Import a text format data with different delimiters into Stata

Tony Shayan

Join Date: Jun 2021

Posts: 25
#1

Import a text format data with different delimiters into Stata

07 Feb 2023, 11:44

Hello,

I have a (series of) text file that use the following delimiters :

Column: ‘~’ (including the single quotes)
Row: #@#@#

I could not be able to import this data into Stata. Is there a way to import this data into Stata ? I would appreciate if you could help me.

Kind regards,
Shayan

P.S: I leave a small part of the text file below
Example :

A'~'165390'~'1469'~'40'~'2022-01-01 00:00:00'~'Sazon Chileno C.A'~'Venezuela'~''~''~''~''~'Venezuela'~'12811919 8'~'SAZON CHILENO, C.A'~'PRINCIPAL LA GUAIRA'~''~''~''~''~''~''~'United States'~'ESTADOS UNIDOS'~'Maritime'~'18063120000'~'1'~'.11636363636 363636'~'1422'~'1280'~'1065'~'4930'~'99'~'2022-08-15 00:00:00#@#@#A'~'165582'~'1469'~'40'~'2022-01-01 00:00:00'~'Recimetales C.A'~''~''~''~''~''~'Venezuela'~'87583138'~'RECIME TALES, C.A'~'PRINCIPAL LA GUAIRA'~'
Tags: None
Jorge L. Guzman

Join Date: Mar 2015

Posts: 50
#2

07 Feb 2023, 12:01

Hi Tony,
After you import the data, you could try:

Code:

split variable1, p("'~'")

The result would be several variables that you can rename as you wish.
Kind regards,
Jorge
Comment
Mike Lacy

Join Date: Apr 2014

Posts: 2416
#3

07 Feb 2023, 12:43

The data sample provided is not completely sufficient for an optimal answer, as among other things, we don't know how/if variable names are present in the file, and how *actual* line breaks are encoded. (The sample almost suggests that the whole file is just a string of characters without any end of line characters, but I'd suspect that's not true.) I'm assuming, though, that there are variable names and that preserving them, rather than having to rename each one, would be desirable.

With those caveats, I would approach this by using fileread()/filewrite() to make the input more "standard," and then use -import delimited-. A similar approach could be done with -filefilter-, but I prefer fileread/filewrite. Either of these Stata commands should be very fast.

Code:

// Choose a delimiter character not used in the data file. I'm using tab, ascii 009. local delimiter = char(9) // Choose the end of line character(s) you want.
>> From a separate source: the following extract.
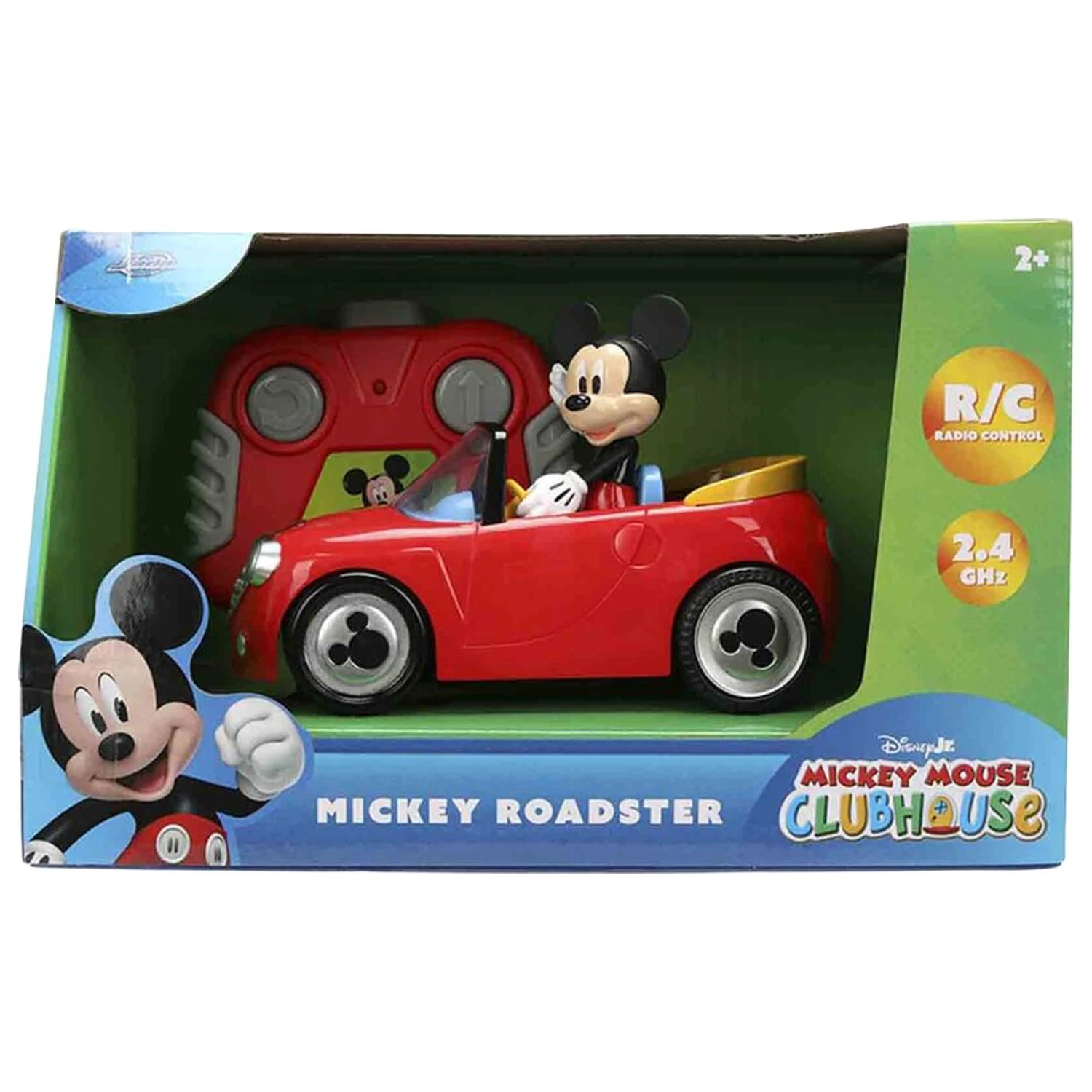 Disney Mickey Roadster vehicul radio-comandat poza produsului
I'm using a carriage return, // ascii 013, which I think will work under any OS. local eoln = char(13) // Read your file and change the odd characters to something standard. clear set obs 1 gen strL s = fileread("original file.txt") replace s = subinstr(s, "'~'", "`delimiter'", .) replace s = subinstr(s, "#@#@#", "`eoln'", .) gen b = filewrite("new file.tab", s) clear import delimited using "new file.tab", delimiter(tab) // Where there were actual end of line characters in the // original file, you'll probably get blank lines, // and I'd delete them here.

The preceding could be adapted to be used in a loop over multiple different files, which I gather is relevant to the situation.
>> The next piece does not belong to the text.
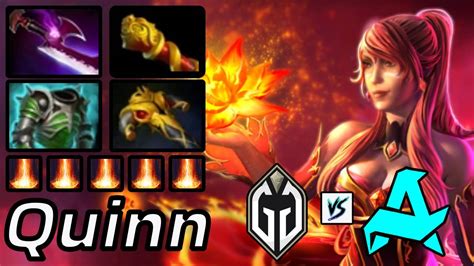 Quinn Lina Vs AURORA DREAMLEAGUE SEASON 23 BO2 DOTA 2 ESB DOTA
Finally, I'd note that, because I didn't have a real example file to work with, there might well be some errors here, but the concept should be fine.
3 likes
Comment
Rich Goldstein

Join Date: Mar 2014

Posts: 4466
#4

07 Feb 2023, 13:32

you might want to take a look at:

Code:

h filefilter
Comment
Clyde Schechter

Join Date: Apr 2014

Posts: 30117
#5

07 Feb 2023, 13:33

I strongly endorse Mike Lacy's solution in #3.

That said, I would point out that for the column delimiter (~), you don't actually need to replace that with anything because -import delimited- will subsequently allow you to specify ~ as the delimiter there. And replacing ~ with tab characters could mess things up if there are variables in the data that, themselves, contain tab characters.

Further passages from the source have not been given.